**What to do:**
From the line containing "Property photo 1 of 21 Bedroom" down to the last line of the entries, print each line exactly and leave the pictures out.

(Image-caption web data)

......

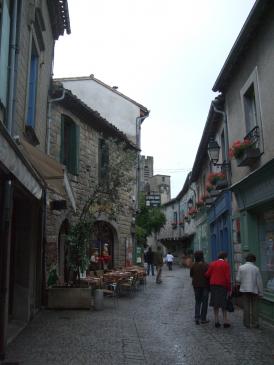 26.3.2008 Tot i la pluja, els turistes japonesos són imbatibles!            Carcassona   -  Jordi Bibià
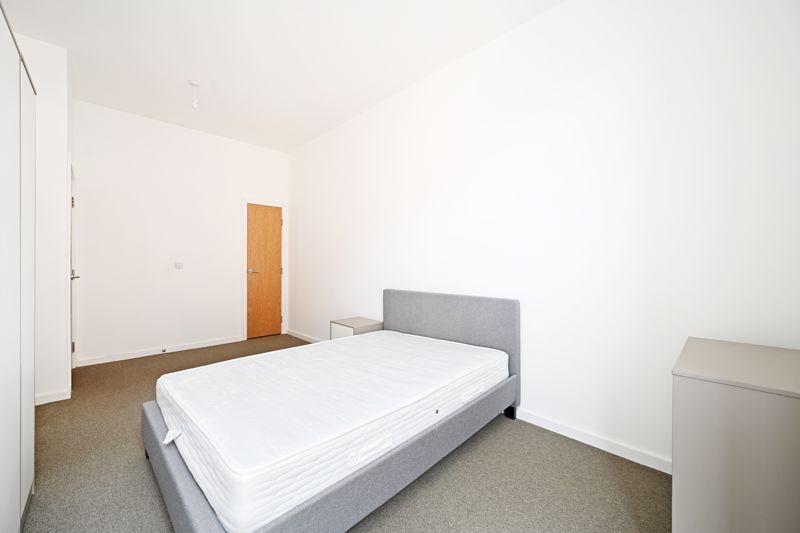 Property photo 1 of 21 Bedroom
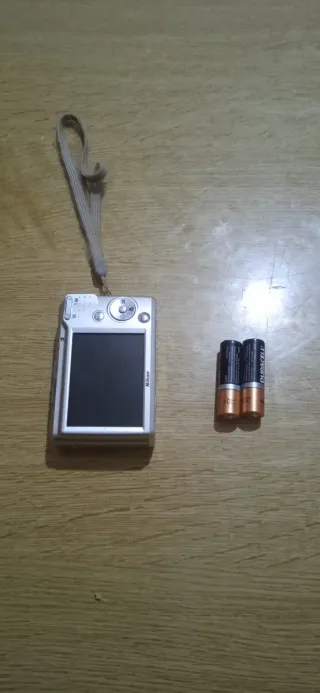 Nikon COOLPIX 7.1 MP Fotocamera Digitale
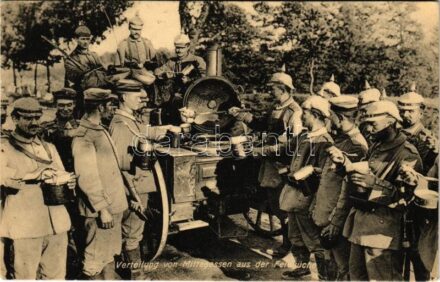 1915 Veteilung von Mittagessen aus der Feldküche / WWI German military breakfast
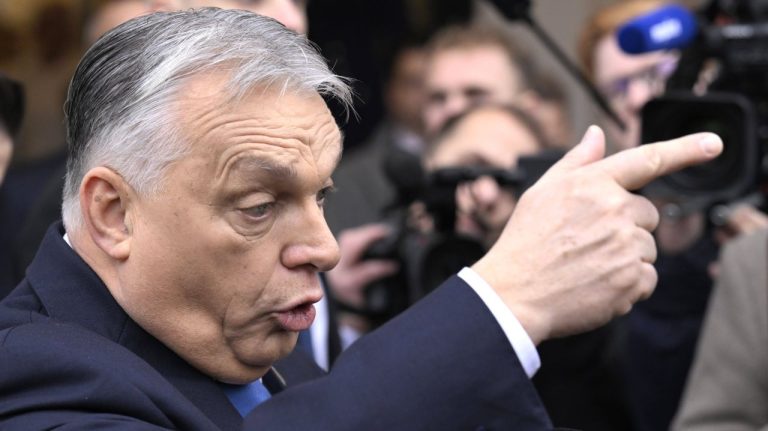 Viktor Orban îi reproșează liderilor de la Bruxelles că ”au ajuns la o înțelegere cu Zelenski privind continuarea războiului” în Ucraina. Viktor Orban ii reproseaza liderilor de la Bruxelles ca au ajuns la o intelegere cu Zelenski privind continuarea razboiului in Ucraina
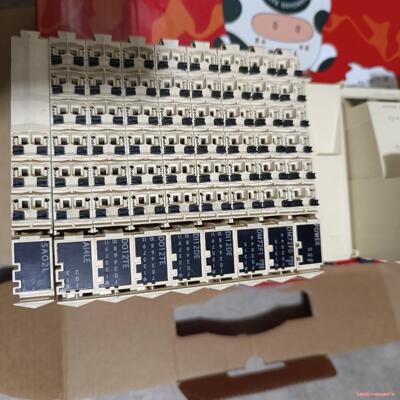 PLC施耐德，施耐德PLC控制器、TM258LF66DT4L议价商品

......

**Exercise answer:**
 Property photo 1 of 21 Bedroom
 Nikon COOLPIX 7.1 MP Fotocamera Digitale
 1915 Veteilung von Mittagessen aus der Feldküche / WWI German military breakfast
 Viktor Orban îi reproșează liderilor de la Bruxelles că ”au ajuns la o înțelegere cu Zelenski privind continuarea războiului” în Ucraina. Viktor Orban ii reproseaza liderilor de la Bruxelles ca au ajuns la o intelegere cu Zelenski privind continuarea razboiului in Ucraina
 PLC施耐德，施耐德PLC控制器、TM258LF66DT4L议价商品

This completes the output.